* **Data for processing**:
<<<<
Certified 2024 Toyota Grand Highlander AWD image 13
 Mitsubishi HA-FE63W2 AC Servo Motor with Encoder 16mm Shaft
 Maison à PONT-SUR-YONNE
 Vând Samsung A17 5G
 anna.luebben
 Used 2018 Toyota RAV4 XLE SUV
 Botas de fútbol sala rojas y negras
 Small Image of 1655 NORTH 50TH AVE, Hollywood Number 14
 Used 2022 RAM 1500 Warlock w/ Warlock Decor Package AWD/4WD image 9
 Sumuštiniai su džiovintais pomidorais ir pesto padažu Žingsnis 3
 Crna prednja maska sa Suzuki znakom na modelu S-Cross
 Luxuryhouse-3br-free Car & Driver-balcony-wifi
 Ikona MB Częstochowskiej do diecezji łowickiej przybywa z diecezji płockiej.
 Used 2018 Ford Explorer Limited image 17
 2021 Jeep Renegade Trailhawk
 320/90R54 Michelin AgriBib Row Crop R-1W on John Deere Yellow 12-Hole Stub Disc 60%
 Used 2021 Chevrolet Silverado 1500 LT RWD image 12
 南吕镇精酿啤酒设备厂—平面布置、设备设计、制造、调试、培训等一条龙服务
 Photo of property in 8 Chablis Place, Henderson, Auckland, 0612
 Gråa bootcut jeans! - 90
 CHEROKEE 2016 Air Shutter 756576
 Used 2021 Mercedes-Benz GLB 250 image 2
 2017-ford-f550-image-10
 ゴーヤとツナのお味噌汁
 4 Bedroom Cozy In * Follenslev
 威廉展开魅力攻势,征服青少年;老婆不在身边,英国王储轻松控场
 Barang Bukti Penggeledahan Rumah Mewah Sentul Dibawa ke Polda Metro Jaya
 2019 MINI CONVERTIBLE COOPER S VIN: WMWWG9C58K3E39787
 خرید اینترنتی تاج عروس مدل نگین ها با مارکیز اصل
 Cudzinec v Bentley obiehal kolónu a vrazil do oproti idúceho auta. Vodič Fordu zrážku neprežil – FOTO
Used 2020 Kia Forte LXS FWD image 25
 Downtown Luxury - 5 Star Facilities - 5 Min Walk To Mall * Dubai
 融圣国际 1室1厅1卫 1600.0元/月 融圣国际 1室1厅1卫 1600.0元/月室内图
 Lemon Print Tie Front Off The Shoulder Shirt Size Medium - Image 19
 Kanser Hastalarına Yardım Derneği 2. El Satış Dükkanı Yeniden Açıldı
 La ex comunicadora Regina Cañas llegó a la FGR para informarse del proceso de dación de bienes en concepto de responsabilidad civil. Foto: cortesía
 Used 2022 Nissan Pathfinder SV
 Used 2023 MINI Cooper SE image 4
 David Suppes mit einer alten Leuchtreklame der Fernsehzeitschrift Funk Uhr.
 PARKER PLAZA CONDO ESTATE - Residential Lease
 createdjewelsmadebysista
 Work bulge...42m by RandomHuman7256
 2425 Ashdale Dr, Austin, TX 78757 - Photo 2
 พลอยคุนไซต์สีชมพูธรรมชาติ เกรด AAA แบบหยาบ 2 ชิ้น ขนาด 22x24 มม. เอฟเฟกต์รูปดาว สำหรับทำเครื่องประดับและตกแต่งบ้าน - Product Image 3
>>>>
* **What the exercise asks**:
Starting at the line that contains "2425 Ashdale Dr, Austin, TX 78757 - Photo 2", retype every line through the end of the records exactly, and nothing else.

* **Exercise result**:
 2425 Ashdale Dr, Austin, TX 78757 - Photo 2
 พลอยคุนไซต์สีชมพูธรรมชาติ เกรด AAA แบบหยาบ 2 ชิ้น ขนาด 22x24 มม. เอฟเฟกต์รูปดาว สำหรับทำเครื่องประดับและตกแต่งบ้าน - Product Image 3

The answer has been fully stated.